Deploying backpressure semaphores in HearingAid Pro's real-time transcription pipeline revealed two non-obvious failure modes. First, semaphore starvation during app backgrounding: iOS suspends threads aggressively, and a suspended consumer never releases permits. The fix was to flush the queue and release all permits in applicationWillResignActive. Second, priority inversion when the UI thread (high QoS) waits on a semaphore held by the inference thread (default QoS).
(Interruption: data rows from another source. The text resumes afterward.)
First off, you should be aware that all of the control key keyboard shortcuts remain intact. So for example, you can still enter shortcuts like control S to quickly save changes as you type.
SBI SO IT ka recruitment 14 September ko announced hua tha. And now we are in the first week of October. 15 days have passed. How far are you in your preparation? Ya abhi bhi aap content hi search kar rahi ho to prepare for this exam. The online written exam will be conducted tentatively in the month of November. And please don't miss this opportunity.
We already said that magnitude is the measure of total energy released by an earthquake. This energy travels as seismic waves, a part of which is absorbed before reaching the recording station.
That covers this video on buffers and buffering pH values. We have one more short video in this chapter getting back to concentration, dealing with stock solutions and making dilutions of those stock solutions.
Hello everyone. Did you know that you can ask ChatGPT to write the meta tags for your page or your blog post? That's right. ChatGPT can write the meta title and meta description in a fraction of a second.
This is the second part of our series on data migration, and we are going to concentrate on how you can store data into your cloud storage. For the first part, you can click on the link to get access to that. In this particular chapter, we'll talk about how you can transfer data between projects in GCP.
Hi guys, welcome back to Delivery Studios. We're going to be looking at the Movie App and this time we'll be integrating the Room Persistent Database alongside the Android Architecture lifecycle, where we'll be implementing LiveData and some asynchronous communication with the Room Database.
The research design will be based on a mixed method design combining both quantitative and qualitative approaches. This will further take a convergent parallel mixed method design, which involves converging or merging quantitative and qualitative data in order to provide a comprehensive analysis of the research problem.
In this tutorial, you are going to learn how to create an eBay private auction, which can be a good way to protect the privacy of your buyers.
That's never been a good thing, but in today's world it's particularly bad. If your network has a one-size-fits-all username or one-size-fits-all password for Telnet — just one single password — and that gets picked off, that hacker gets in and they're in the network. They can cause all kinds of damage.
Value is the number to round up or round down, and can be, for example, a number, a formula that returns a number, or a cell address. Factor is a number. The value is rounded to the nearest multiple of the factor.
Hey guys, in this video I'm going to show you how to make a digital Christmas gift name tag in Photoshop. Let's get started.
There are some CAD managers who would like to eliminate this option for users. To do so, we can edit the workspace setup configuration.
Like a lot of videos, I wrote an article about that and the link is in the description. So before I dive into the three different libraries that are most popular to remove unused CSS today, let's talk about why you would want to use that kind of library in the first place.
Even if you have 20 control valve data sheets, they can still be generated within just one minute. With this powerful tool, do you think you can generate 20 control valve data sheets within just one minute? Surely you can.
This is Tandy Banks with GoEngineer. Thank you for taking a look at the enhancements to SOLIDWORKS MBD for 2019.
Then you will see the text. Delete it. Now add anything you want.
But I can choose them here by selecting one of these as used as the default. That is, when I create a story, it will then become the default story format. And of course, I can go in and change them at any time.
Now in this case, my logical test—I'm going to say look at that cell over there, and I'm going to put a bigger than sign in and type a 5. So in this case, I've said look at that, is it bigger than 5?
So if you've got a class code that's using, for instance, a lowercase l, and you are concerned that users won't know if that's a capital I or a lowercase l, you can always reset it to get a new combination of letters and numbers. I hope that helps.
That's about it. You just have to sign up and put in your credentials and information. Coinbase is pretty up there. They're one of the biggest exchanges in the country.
Elevating the inference thread to userInitiated QoS eliminated 200ms stalls during rapid user interaction.

Memory savings were quantifiable: median session memory for 10-minute conversations dropped from 487 MB to 312 MB after semaphore gating was deployed. OOM crash rate fell from 0.8% to 0.09% on devices with 3 GB RAM. The approach has since been adopted in GlucoScan AI for PPG signal streaming and in SafeChat's WebRTC packet buffering layer, demonstrating applicability beyond LLM inference.